Bisher war das Landeskommando NRW in Düsseldorf für die Organisation des Wettkampfs zuständig. In diesem Jahr zeichnete jedoch zum ersten Mal das Streitkräfteamt in Bonn verantwortlich. Es führte die Veranstaltung gemeinsam mit dem Reservistenverband, Kreisgruppe Niederrhein, durch. „Weil für uns damit der Neustart in Eigenregie im Vordergrund stand, haben wir diesmal ganz bewusst auf ein begleitendes Besucherprogramm verzichtet“, sagt Müller. Bislang hatte der Wettbewerb auch das Ziel, das Interesse der Bevölkerung stärker auf das Militär zu lenken und womöglich auch Nachwuchs zu werben. Doch die Einbindung der Öffentlichkeit sei bei künftigen Wettbewerben wieder vorgesehen, versichert Müller.
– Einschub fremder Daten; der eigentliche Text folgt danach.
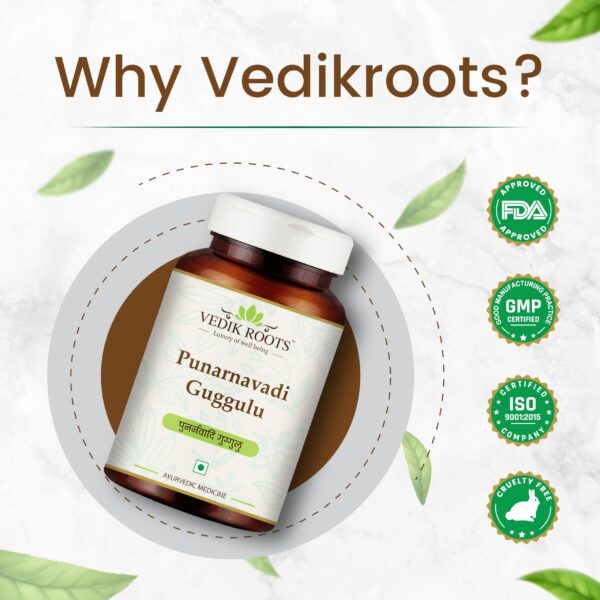 Suplemento vedikroots punarnavadi guggulu para reducción de inflamación natural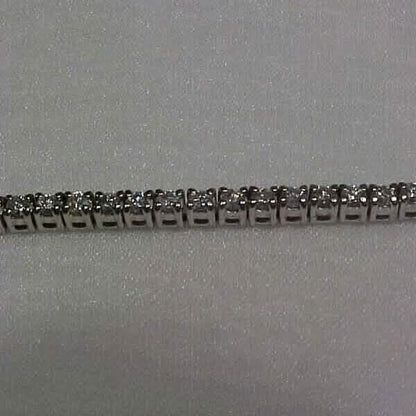 Estate 2.10CTW Natural Diamond Tennis Bracelet 14K White Gold 7"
Preis von Bundesverteidigungsminister Boris Pistorius
Der Preis des Gesamtsiegers, der Ehrenteller des Bundesministers der Verteidigung, Boris Pistorius, ging in diesem Jahr an das Team des 13. dänischen Infanterie-Bataillons. Doch nicht nur für die siegreiche Mannschaft, sondern für alle Wettkämpfer und Hilfskräfte steht eines fest: In Zeiten vieler aktueller Kriege und Brandherde weltweit, kommt der militärischen Verteidigung – insbesondere in den westeuropäischen Staaten – eine wachsende Bedeutung zu. Angesichts des brutalen russischen Angriffskriegs in der Ukraine und dem Eindringen von russischen Drohnen in polnischen und estnischen Luftraum – und damit in Nato-Gebiet – ist das besonders relevant.
In Deutschland versucht die Politik dem durch ein neues Wehrdienstmodell gerecht zu werden. Auf zunächst freiwilliger Basis soll die Zahl der Wehrdienstleistenden bis 2030 um bis zu 100.000 aufgestockt werden. Eine gesetzliche Wiedereinführung der in 2011 bis auf Weiteres ausgesetzten Wehrpflicht ist zurzeit nicht geplant.
Und wie schätzt Oberstleutnant der Reserve Peter Müller die aktuelle, militärische Weltlage ein? „Politische Erfordernisse und militärische Realität sind grundsätzlich nicht deckungsgleich“, sagt Müller. Er glaubt nicht, dass ein baldiges Ende des Krieges zwischen Russland und der Ukraine in Sicht ist. Deshalb spricht er sich „als nächsten Schritt“ für einen Waffenstillstand aus. Für ihn sei eine Zukunft der Nato „ohne den Beitrag der USA bis auf Weiteres nicht denkbar“.